I guess what I would suggest is to open a bleeder on the front while checking the pressure in the rears. This would allow full m/c piston movement and therefore allow full pressure to the rears. On my system, When I bleed the fronts the pedal will go all the way to the floor. When I bleed the rears, the pedal does not go all the way to the floor.
When I crack the front bleeder (engine running), I can effortlessly push the pedal to the floor. Same thing with the rear. Pressure still at 600psi
Its commonly recommended that 18in of vacuum is needed for proper booster operation. Its said that lower vacuum will result in a harder pedal which stands to reason because the booster is not assisting as well at lower vacuum. I believe 14-16in is usually the lowest recommended before needing a vacuum pump.

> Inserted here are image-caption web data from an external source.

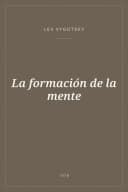 Portada de La formación de la mente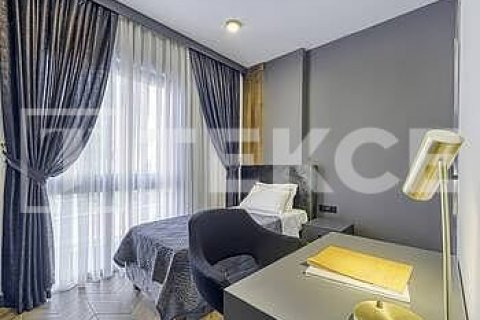 4+1 Takvåning i Alanya, Antalya, Turkiet Nr. 43882 - 7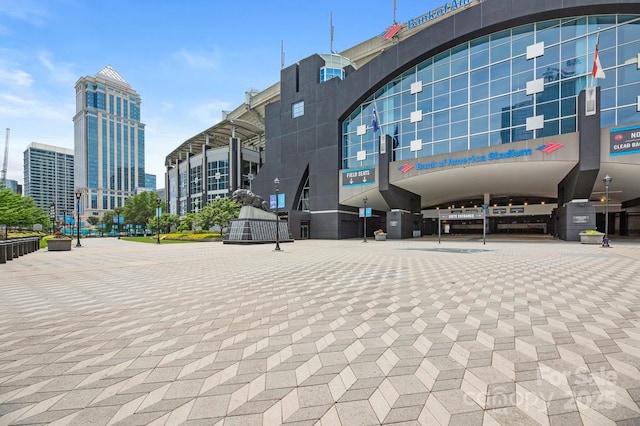 3034 Finchborough Ct Unit 233, Charlotte, NC 28269 - surrounding community with a city view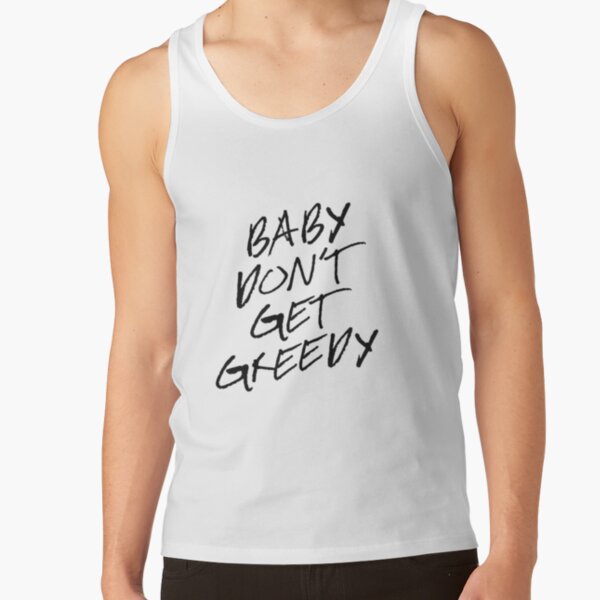 Tate Mcrae Greedy Tank Top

You are correct. The booster mfgr suggests 18". I measured my vac again today and it was 13". Bumped the timing to 12BTC and got it up to 16" but no change in pressure or pedal.
If not, make a vacuum aspirator out of some tubing/pipe fittings. I've made them before and you can get better than 20"hg out of them.
How do I do that? I bought an electric vac pump but I tested it at 12". $80 piece of junk!
Ended up connecting my vac tester to booster and pumped, no shit, about 10,000 times to get to 20" vac. Still at 600psi.
I still need to find out why the engine has such poor vacuum but I am confident my engine vacuum is not the culprit here. There has to be something going on with this booster or MC.
I agree going to a 1" bore will help my pressure but since I should be seeing 1,400psi with this setup, I think changing to a different bore will yield similar results.
Does anyone think it is weird that my pedal goes to the floor effortlessly when a front or rear bleeder is open?